Viewpoint: Payoff from Customer Profitability Analysis

Which customers make the biggest contribution to your bottom line, and which generate a negative return? Do your promotions target volume without profitability? How do you decide what to charge a particular customer for a business loan, a mortgage, or a car loan? On what basis do you waive fees for customers who ask?

If you base your pricing on intuition or what the bank across the street is doing, you're missing profitable opportunities. And if you can't measure the value of your customers, you can't project the value of expanding those relationships or acquiring others.

In our experience, the general 80/20 rule of thumb often is greatly understated. The top 20% of your customers may be contributing more than 80% of your profits.

There is a need for better customer-level metrics, instead of the traditional organizational- and product-level measurements such as sales, revenue, and margin. This is driven by pressure on margins as a result of market consolidation, as well as increasing customer sophistication in using multiple delivery channels.

However, because customer profitability analysis is not mission-critical, it doesn't get the attention it deserves, especially at midsize and community banks. And until recently only large institutions could afford such systems, but now more affordable ones are available.

As with any customer-centric technology implementation, there's no cut-and-dried ROI analysis for customer profitability, predictive analytics, and customer relationship strategy. Financial justification is often subjective and hard to measure, especially if an organization has not developed a strategy and appropriate metrics. Yet there are many benefits, both direct and indirect. What's needed is a clear strategy and a corresponding set of metrics based on what you are trying to accomplish.

One of the largest direct benefits traditionally considered in an ROI analysis is savings, although the objective should be maximizing the benefits rather than simply minimizing cost.

In addition to cost reduction, profitability systems can increase revenue, loan volume, and wallet share. An analysis of your customer portfolio can provide the basis for determining the best products for each segment. Furthermore, pricing tools or simulators integrated with the system can allow relationship managers and loan officers to tailor product terms to the customer's specific needs while maintaining established profitability, ROA, and/or ROE objectives.

When purchasing a customer profitability system, consider the quantifiable indirect benefits by analyzing the entire strategic arena — including business processes, people, and the technology itself. Who will use the system, and how often? The more people it affects and the more often it is used, the higher the potential return.

Historically, ROI has been focused solely on the technology aspect, which does not present a true picture. Profitability and predictive data, when available, have resided in the back office, but there's far more value in distributing functionality and profitability information throughout the organization.
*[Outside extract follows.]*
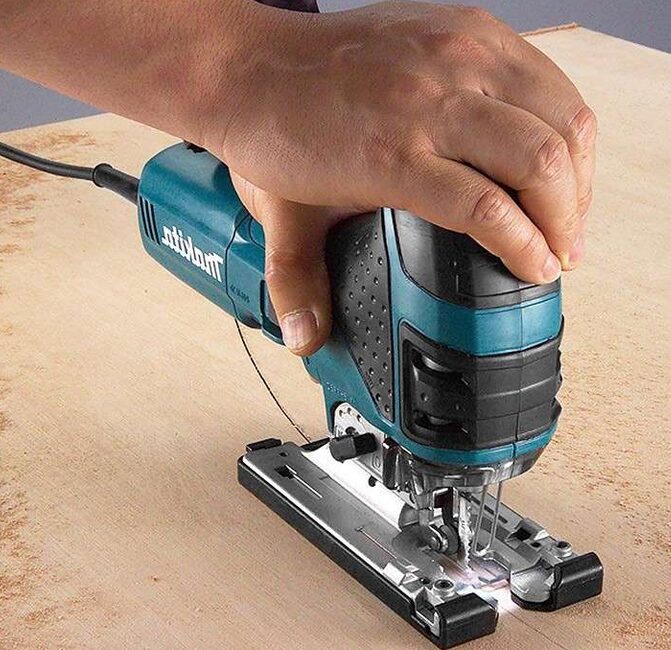 Scie sauteuse Racetools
What ROI means, and what kind of return is needed to make a purchase worthwhile, may differ for small and large financial institutions.

At a small bank, the culture may be challenged in supporting the required investment, or an extensive ROI process itself may be overwhelming. Decisions sometimes are made by an appointment from the CEO or after a few promising reference calls. Additionally, customer relationship strategies may not be as complex or sophisticated as they are at a large institution.

However, one trend is changing this picture. Executives from large institutions are starting financial institutions of their own and bringing with them a more sophisticated culture that embraces customer relationship management, profitability, and predictive analytics. The result is a leveling of the competitive landscape.

A customer profitability system provides an analytical basis essential for a successful CRM initiative. The need and utility for customer profitability analytics within a CRM implementation is based on the degree to which:

     
  • A strong profitability gradient exists between the most and least profitable customers.   

  • Customer-directed behavior drives profitability, e.g., product use and delivery channel choices are made by the customer.   

  • Differential pricing can be applied to these customer-driven behaviors without punitive business or legal constraints.  

The CRM efforts of the past focused on targeted systems within products or channels, often overwhelming customers with multiple or contradictory offers. The CRM efforts of today must work at an enterprise level, providing touch points across the organization as well as multichannel offerings.